The Goodreads review that explains why Chelsea’s parts are offensive to POC and LGBTQ+ can be found here. If you don’t want to listen to my long review, I’d recommend giving that Goodreads review a read because it does also sum up most of my thoughts.

Book 3: The Bear and the Nithingale by Katherine Arden

At the edge of the Russian wilderness, winter lasts most of the year and the snowdrifts grow taller than houses. But Vasilisa doesn’t mind—she spends the winter nights huddled around the embers of a fire with her beloved siblings, listening to her nurse’s fairy tales. Above all, she loves the chilling story of Frost, the blue-eyed winter demon, who appears in the frigid night to claim unwary souls. Wise Russians fear him, her nurse says, and honor the spirits of house and yard and forest that protect their homes from evil.

After Vasilisa’s mother dies, her father goes to Moscow and brings home a new wife. Fiercely devout, city-bred, Vasilisa’s new stepmother forbids her family from honoring the household spirits. The family acquiesces, but Vasilisa is frightened, sensing that more hinges upon their rituals than anyone knows.

And indeed, crops begin to fail, evil creatures of the forest creep nearer, and misfortune stalks the village. All the while, Vasilisa’s stepmother grows ever harsher in her determination to groom her rebellious stepdaughter for either marriage or confinement in a convent.
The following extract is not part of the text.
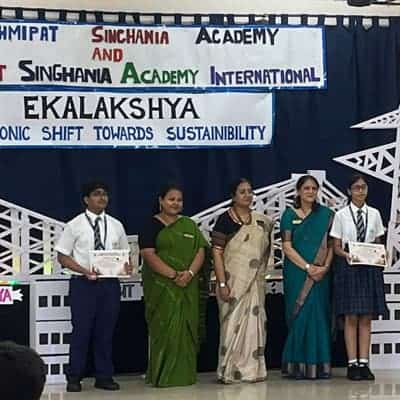 Abhilakshya 2026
As danger circles, Vasilisa must defy even the people she loves and call on dangerous gifts she has long concealed—this, in order to protect her family from a threat that seems to have stepped from her nurse’s most frightening tales.

Book 4: The Strange Case of the Alchemist’s Daughter by Theodora Goss

Mary Jekyll, alone and penniless following her parents’ death, is curious about the secrets of her father’s mysterious past. One clue in particular hints that Edward Hyde, her father’s former friend and a murderer, may be nearby, and there is a reward for information leading to his capture…a reward that would solve all of her immediate financial woes.

But her hunt leads her to Hyde’s daughter, Diana, a feral child left to be raised by nuns. With the assistance of Sherlock Holmes and Dr. Watson, Mary continues her search for the elusive Hyde, and soon befriends more women, all of whom have been created through terrifying experimentation: Beatrice Rappaccini, Catherin Moreau, and Justine Frankenstein.

When their investigations lead them to the discovery of a secret society of immoral and power-crazed scientists, the horrors of their past return. Now it is up to the monsters to finally triumph over the monstrous. 

Book 5 & 6: She Must Be Mad and Validate Me by Charly Cox

She Must be Mad explores coming-of-age: the pain and beauty of love, the relief and the agony of turning from girl to woman, the isolation of an untethered mind and the power and subjugation of the body.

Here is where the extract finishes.